Treatment for Minor Aphthous Ulcers
Topical corticosteroids, such as 0.1% triamcinolone acetonide in orabase applied 2-4 times daily, are the first-line treatment for minor aphthous ulcers. 1
First-Line Treatment Options
Topical Corticosteroids
- 0.1% triamcinolone acetonide in orabase: Apply 2-4 times daily until healing (typically 7-14 days)

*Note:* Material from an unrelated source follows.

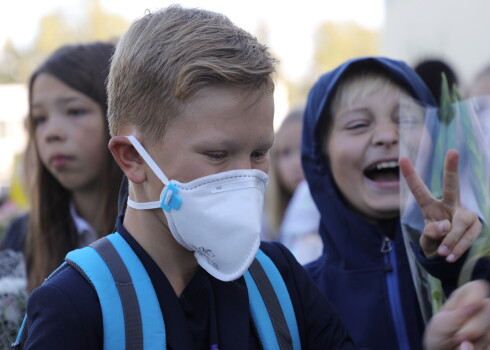 Opozīcija kritizē prasību skolēniem nēsāt maskas un citas Covid-19 normas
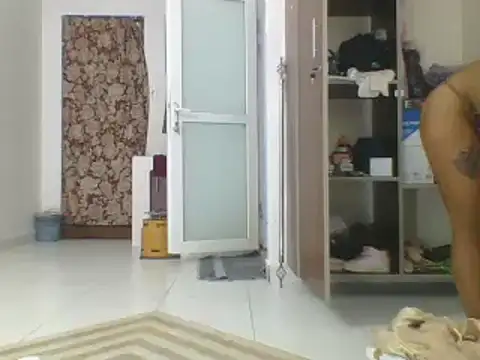 Sweetbaby004 online show from March 7, 8:33 pm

- Alternative corticosteroid options:
- Clobetasol 0.05% ointment
- Betamethasone sodium phosphate
- Fluticasone propionate
Pain Management
- Topical anesthetics: Lidocaine viscous 2% solution for immediate pain relief
- Barrier preparations: Gengigel or Gelclair to protect the ulcer and promote healing 1
Additional Supportive Measures
Oral Hygiene
- Use soft toothbrush and mild non-foaming toothpaste
- Rinse with saline solution 4-6 times daily
- Use alcohol-free mouthwash 1
Dietary Modifications
- Avoid spicy, acidic, and rough foods that can irritate the ulcer
- Stay well hydrated
- Avoid foods that trigger recurrence (hard, acidic, spicy, or salty foods)
- Avoid toothpastes containing sodium lauryl sulfate 1, 2
Second-Line Treatment Options
For resistant cases, consider:
- Tacrolimus 0.1% ointment
- Intralesional triamcinolone acetonide injections 1
- Sucralfate suspension (shown effective for oral ulcers) 3
When to Consider Systemic Therapy
For severe or recurrent cases that don't respond to topical treatments:
- Colchicine (particularly effective for erythema nodosum lesions) 3, 2
- Pentoxifylline
- Short courses of systemic corticosteroids 3, 2
Important Clinical Considerations
Differential Diagnosis
Minor aphthous ulcers must be distinguished from:
- Oral herpes simplex
- Traumatic ulcers
- Infectious causes
- Autoimmune conditions
- Medication-related ulcers
- Systemic diseases 1, 4
Red Flags Requiring Further Investigation
- Ulcer persisting beyond 2 weeks despite treatment
- Induration or fixation of the lesion
- Unexplained bleeding
- Cervical lymphadenopathy
- Lesion growth despite treatment 1
Follow-up
- Regular monitoring for persistent cases
- Follow-up every 3-6 months for persistent symptomatic cases 1
Minor aphthous ulcers are typically self-limiting, with healing occurring within 7-14 days with appropriate treatment. The goal of therapy is to manage pain, promote healing, and prevent recurrence.